## PROMPT
Your answer should hold only the lines from the one with "Standard Room with" through the end of the records, repeated exactly and minus any pictures.

## Caption-style text data
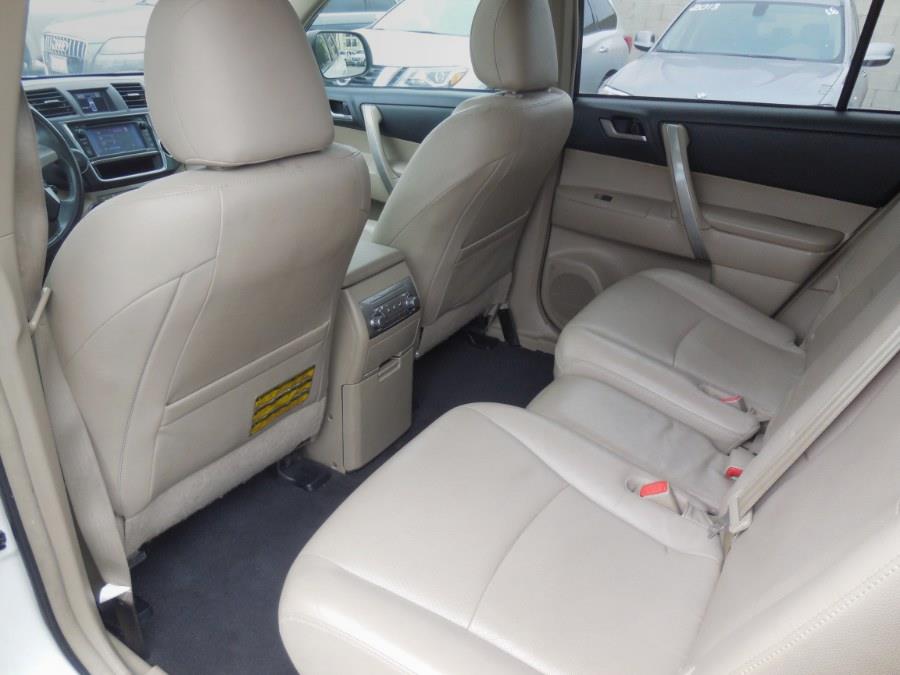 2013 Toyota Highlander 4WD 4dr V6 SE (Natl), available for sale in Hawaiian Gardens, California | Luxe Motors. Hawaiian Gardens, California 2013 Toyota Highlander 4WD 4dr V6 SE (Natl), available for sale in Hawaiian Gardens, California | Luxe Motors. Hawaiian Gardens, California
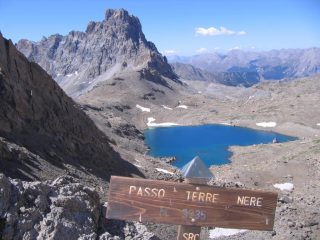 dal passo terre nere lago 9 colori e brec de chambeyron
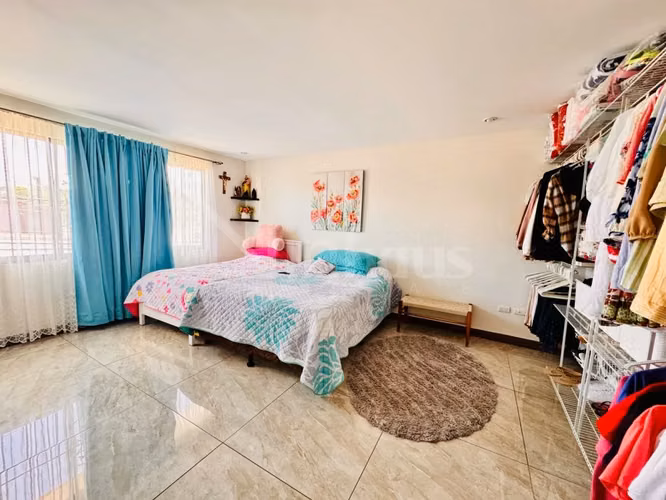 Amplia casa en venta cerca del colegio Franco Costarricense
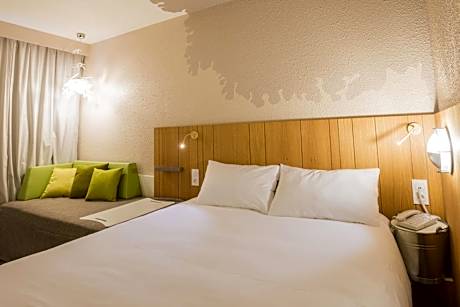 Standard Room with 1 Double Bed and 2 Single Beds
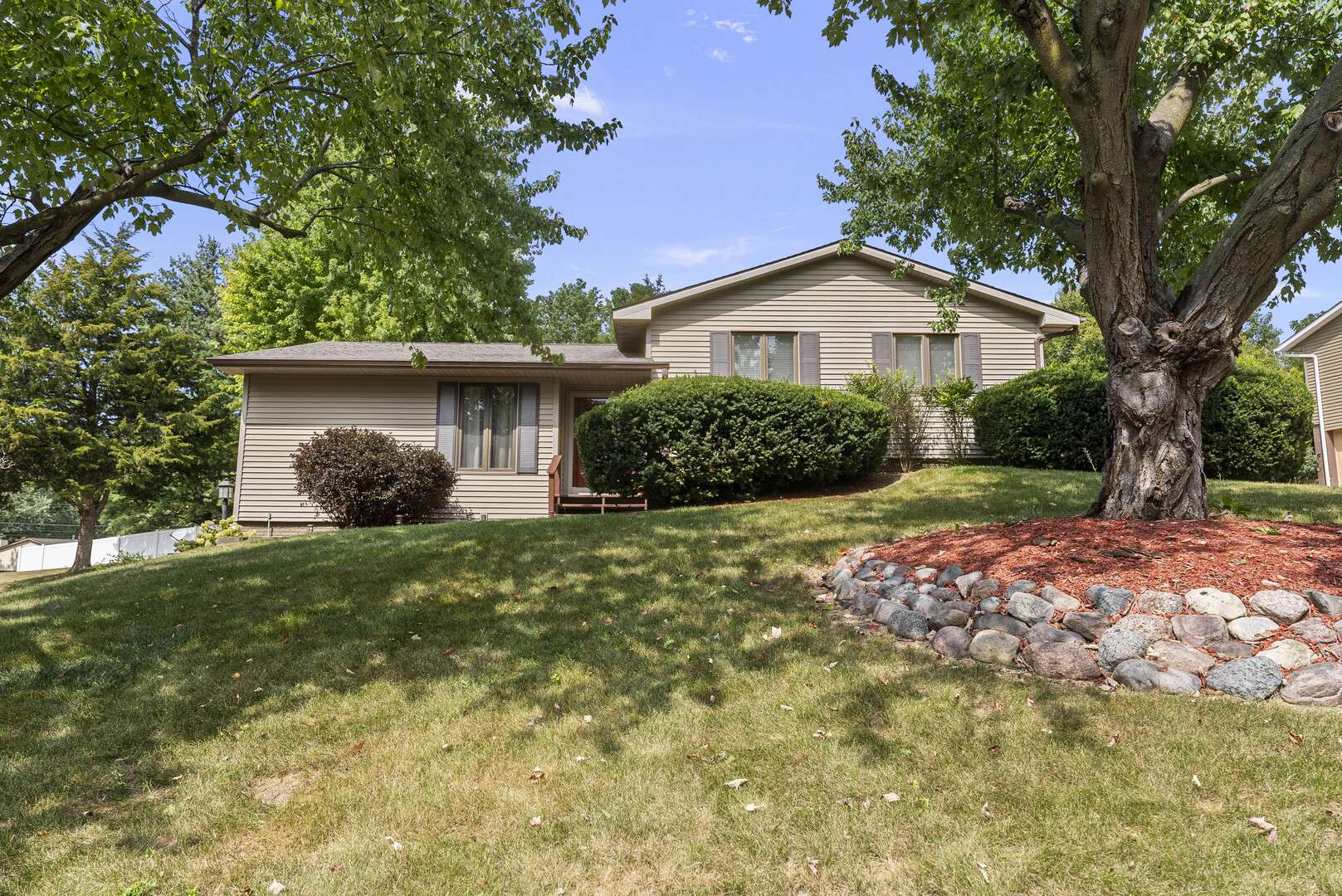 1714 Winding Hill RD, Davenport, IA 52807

## ANSWER BOX
 Standard Room with 1 Double Bed and 2 Single Beds
 1714 Winding Hill RD, Davenport, IA 52807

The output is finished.